» **Your goal**
In the entries that follow, the first line to write out is the one containing "Samsung Galaxy S20 FE 5G SD865 128 GB White", and the last is the one containing "Furnished penthouse with". Reproduce that stretch exactly, with nothing before or after it.

» **Working data**
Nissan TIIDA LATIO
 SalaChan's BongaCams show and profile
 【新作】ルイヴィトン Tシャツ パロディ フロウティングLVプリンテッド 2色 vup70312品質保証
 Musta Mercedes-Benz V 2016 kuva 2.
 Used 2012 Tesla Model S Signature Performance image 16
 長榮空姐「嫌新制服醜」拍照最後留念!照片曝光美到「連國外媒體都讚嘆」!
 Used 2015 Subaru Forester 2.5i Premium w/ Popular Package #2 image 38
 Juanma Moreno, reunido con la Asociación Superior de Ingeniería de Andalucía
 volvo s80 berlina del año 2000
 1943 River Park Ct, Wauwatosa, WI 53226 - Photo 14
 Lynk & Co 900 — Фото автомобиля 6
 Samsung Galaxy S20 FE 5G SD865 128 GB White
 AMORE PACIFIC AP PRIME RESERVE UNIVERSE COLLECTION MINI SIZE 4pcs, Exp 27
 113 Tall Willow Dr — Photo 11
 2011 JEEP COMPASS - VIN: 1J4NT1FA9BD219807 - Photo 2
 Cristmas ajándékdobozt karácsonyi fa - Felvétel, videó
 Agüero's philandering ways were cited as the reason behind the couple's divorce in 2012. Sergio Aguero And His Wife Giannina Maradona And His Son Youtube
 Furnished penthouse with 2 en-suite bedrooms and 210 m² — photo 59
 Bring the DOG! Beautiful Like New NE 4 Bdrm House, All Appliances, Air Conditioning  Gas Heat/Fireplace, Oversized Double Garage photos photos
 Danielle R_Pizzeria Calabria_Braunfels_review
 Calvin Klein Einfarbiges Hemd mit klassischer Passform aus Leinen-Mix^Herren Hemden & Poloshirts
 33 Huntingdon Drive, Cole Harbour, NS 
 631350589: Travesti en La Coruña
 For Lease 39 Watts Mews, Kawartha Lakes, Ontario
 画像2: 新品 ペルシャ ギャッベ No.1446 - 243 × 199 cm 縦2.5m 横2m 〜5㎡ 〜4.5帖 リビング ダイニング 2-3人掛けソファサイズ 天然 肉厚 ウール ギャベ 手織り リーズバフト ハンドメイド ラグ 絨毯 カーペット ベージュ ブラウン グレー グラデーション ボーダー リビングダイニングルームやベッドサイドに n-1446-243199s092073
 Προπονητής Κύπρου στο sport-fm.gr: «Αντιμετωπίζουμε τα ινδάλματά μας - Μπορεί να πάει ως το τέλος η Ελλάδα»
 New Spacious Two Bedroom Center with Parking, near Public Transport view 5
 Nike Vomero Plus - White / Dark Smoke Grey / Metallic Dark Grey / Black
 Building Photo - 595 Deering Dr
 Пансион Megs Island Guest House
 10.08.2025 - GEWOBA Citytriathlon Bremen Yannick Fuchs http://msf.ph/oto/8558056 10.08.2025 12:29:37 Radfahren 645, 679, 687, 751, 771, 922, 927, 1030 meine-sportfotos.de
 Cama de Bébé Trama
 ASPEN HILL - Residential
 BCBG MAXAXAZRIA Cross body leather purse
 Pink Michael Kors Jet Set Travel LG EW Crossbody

» **Solution for this task**
 Samsung Galaxy S20 FE 5G SD865 128 GB White
 AMORE PACIFIC AP PRIME RESERVE UNIVERSE COLLECTION MINI SIZE 4pcs, Exp 27
 113 Tall Willow Dr — Photo 11
 2011 JEEP COMPASS - VIN: 1J4NT1FA9BD219807 - Photo 2
 Cristmas ajándékdobozt karácsonyi fa - Felvétel, videó
 Agüero's philandering ways were cited as the reason behind the couple's divorce in 2012. Sergio Aguero And His Wife Giannina Maradona And His Son Youtube
 Furnished penthouse with 2 en-suite bedrooms and 210 m² — photo 59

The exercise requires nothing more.